#### [PROBLEM REQUIREMENTS]
Extract the text of each entry below exactly, leaving every image behind.

#### [DATA LISTING]
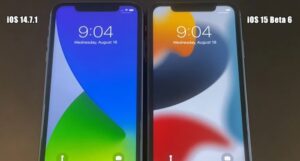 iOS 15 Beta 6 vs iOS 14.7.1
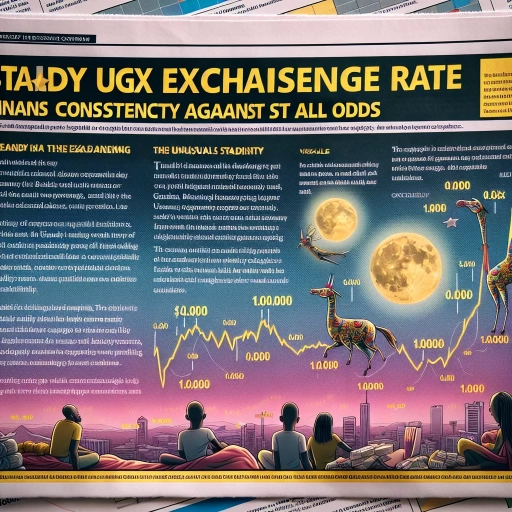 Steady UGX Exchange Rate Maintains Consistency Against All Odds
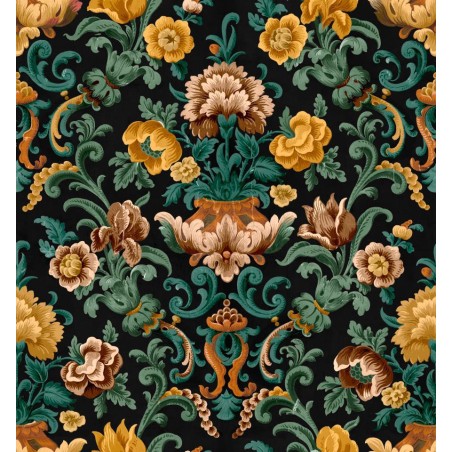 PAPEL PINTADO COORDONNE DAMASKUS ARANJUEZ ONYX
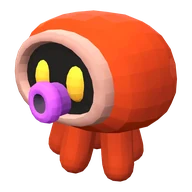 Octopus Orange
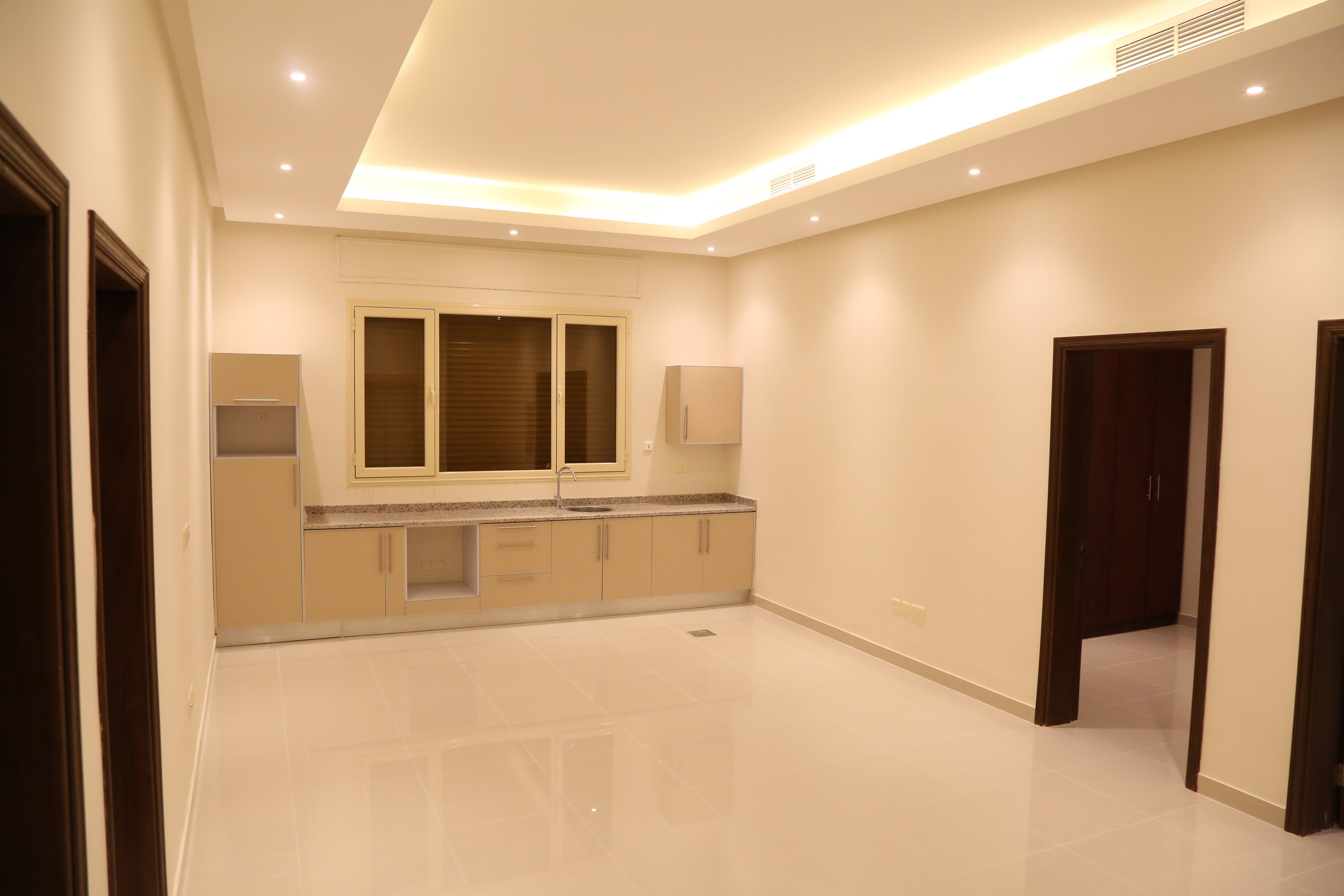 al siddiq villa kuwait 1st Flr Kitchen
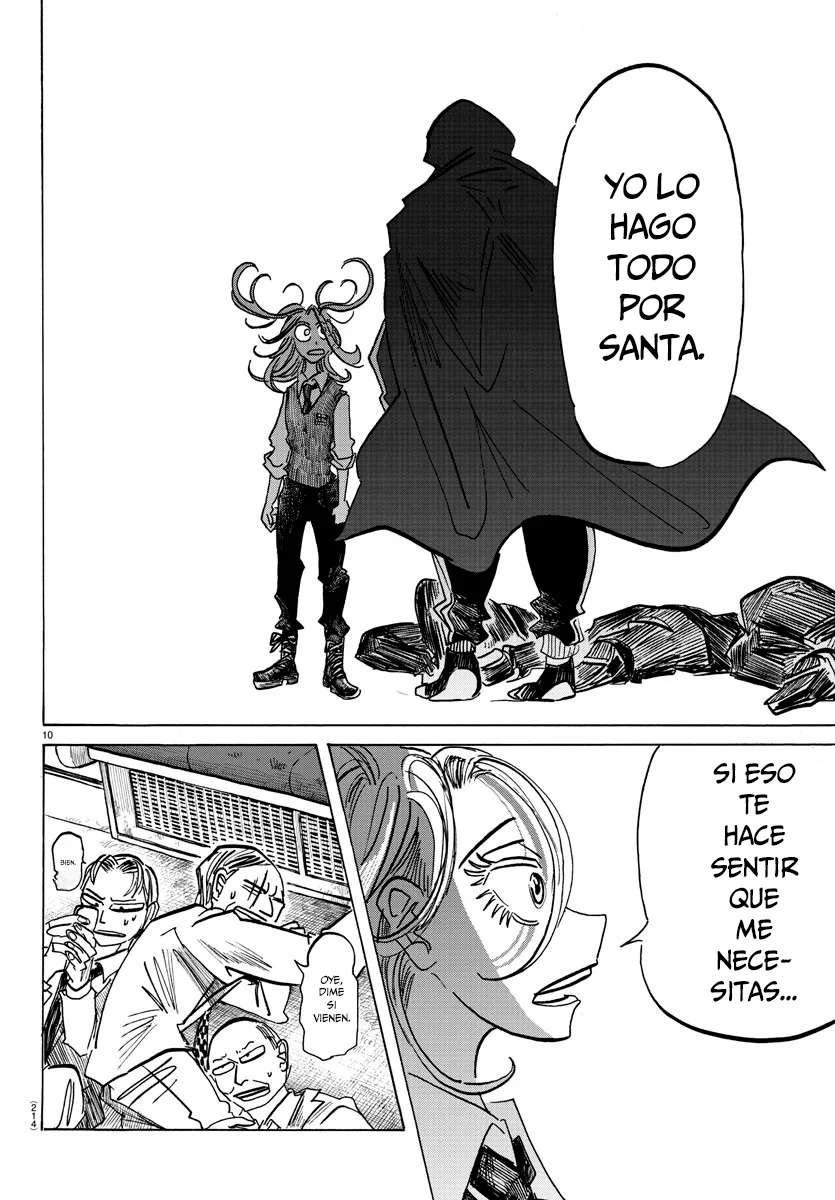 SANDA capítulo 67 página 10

#### [SOLUTION TO THIS EXERCISE]
 iOS 15 Beta 6 vs iOS 14.7.1
 Steady UGX Exchange Rate Maintains Consistency Against All Odds
 PAPEL PINTADO COORDONNE DAMASKUS ARANJUEZ ONYX
 Octopus Orange
 al siddiq villa kuwait 1st Flr Kitchen
 SANDA capítulo 67 página 10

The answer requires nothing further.